Pour le consultant Keith Ferrazzi, dans une tribune pour la Harvard Business Review, les équipes virtuelles, c’est-à-dire des équipes voire des entreprises constituées de personnes travaillant à des endroits physiquement distants sont à la hausse. Selon un sondage de sa société d’étude auprès de 1700 travailleurs du savoir, 79 % déclarent travailler toujours ou souvent en équipes dispersées. Reste que ces « nouveaux collectifs » ne sont pas simples à organiser. Une étude de 2001 montrait que 82 % des équipes fonctionnant sur ce mode étaient en dessous de leurs objectifs et 33 % en échec.
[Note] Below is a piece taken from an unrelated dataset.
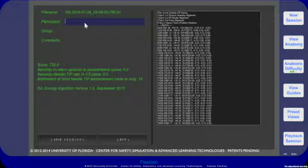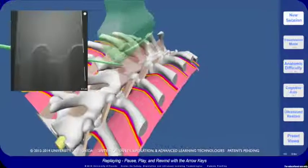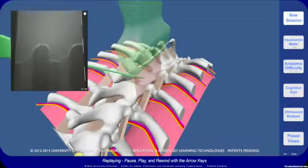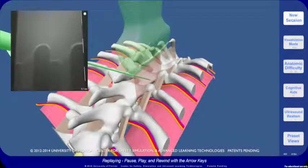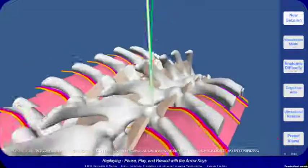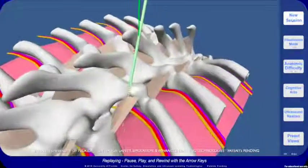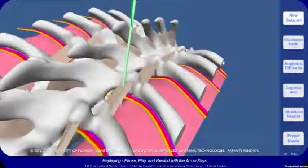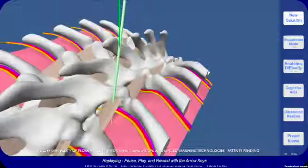Any past procedure that has been saved may be replayed. All view options are available during replay, and the virtual camera position can be changed during replay to optimize debriefing.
Une étude de Deloitte (.pdf) en 2005 soulignait que 66 % de ces groupes de travail ne parvenaient pas à satisfaire les exigences des clients. Effectivement, beaucoup de gens considèrent la communication virtuelle moins productive que l’interaction face à face et tout autant admettent être accablés et perturbés par les technologies de collaboration à distance… Mais d’autres études (de 2009) montrent que quand ces équipes dispersées sont bien gérées, elles peuvent se révéler plus performantes que celles qui partagent un même bureau. Un rapport d’Aon Consulting (.pdf) estime que ces formes d’équipes peuvent considérablement améliorer la productivité des organisations (jusqu’à 43 %).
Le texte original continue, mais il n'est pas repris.